Buddy Ryan grunted and snorted and fumed.

The two of us were sitting in his office a few days before the Chicago Bears were to play the San Francisco 49ers.

I mentioned this would be a test of two of the NFL's most formidable forces of the 1980s: Ryan's "46 Defense" against Bill Walsh's "West Coast Offense."

Ryan bristled.

To the Bears' defensive coordinator, it was no contest.

To him, no offense could withstand the pressure that his defense imposed.

Ryan was correct. The Bears beat the 49ers in a midseason game on the way to winning Super Bowl XX.

That exchange in old Halas Hall flashed back to mind early Tuesday morning when news arrived that Buddy Ryan had died at 85.

So many others accompany the memory.

There was Bears defensive players carrying Ryan off the field after the Bears won the Super Bowl.

There was Ryan moving on to build a great defense as head coach of the Eagles and to saying "you've got a winner in town" when he became head coach of the Cardinals.

There was Ryan as Oilers defensive coordinator throwing a punch on the sidelines at his own team's offensive coordinator during a game on national TV.

There was Ryan … ever combative … ever gruff … ever the Army veteran who served in the Korean War … ever himself everywhere he went.

Buddy Ryan was one of the few assistant coaches as intimidating as Mike Ditka was as a head coach.

That's why as tough as Ryan could be on players - especially young players - those same players loved him.

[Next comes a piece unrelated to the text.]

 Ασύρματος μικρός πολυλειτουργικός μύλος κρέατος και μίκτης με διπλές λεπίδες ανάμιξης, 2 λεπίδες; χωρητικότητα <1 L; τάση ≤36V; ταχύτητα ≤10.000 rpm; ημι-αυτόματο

They loved him so much that they petitioned George Halas, the fabled Papa Bear, to keep Ryan even as the Bears transitioned from the mild Neill Armstrong to the wild Ditka.

They loved Ryan because as tough as they were, they knew that he was as tough if not tougher.

Ryan had great players in Chicago to make his "46" as great as it turned out to be.

Dan Hampton, Mike Singletary, Richard Dent, Gary Fencik, Steve McMichael, Otis Wilson, Wilber Marshall and the rest elevated Buddy Ryan and his defense to new heights.

At the same time, Ryan and his defense elevated them to new heights, and in the cases of Hampton, Singletary and Dent all the way up to the Hall of Fame.

The 1985 Bears champions were a bunch of mostly eccentric humans, and Ryan was appropriately eccentric enough to coordinate them.

Ryan turned them loose within the parameters of the "46" and allowed them to to attack, attack, attack.

That was Ryan's personality, and it fit perfectly with the personalities of football players with nicknames like Danimal, Samurai and Mongo.

I root for Rex Ryan - first as Jets head coach and now as Bills head coach - to win a Super Bowl. In an NFL world dominated by homogenized coaches and general managers, Rex is as outspoken as his father Buddy was.

The league doesn't have enough people like that anymore. Now everything is packaged in bland boxes with tightly wound ribbons. Just look at how closed-lipped Bears head coach John Fox is and how under control his assistant coaches are.

Oh, for the days when Halas Hall was filled all at once by characters with texture like Buddy Ryan and Mike Ditka.

Oh, for the days when a gruff Army veteran's "46 Defense" had its way with even the "West Coast Offense."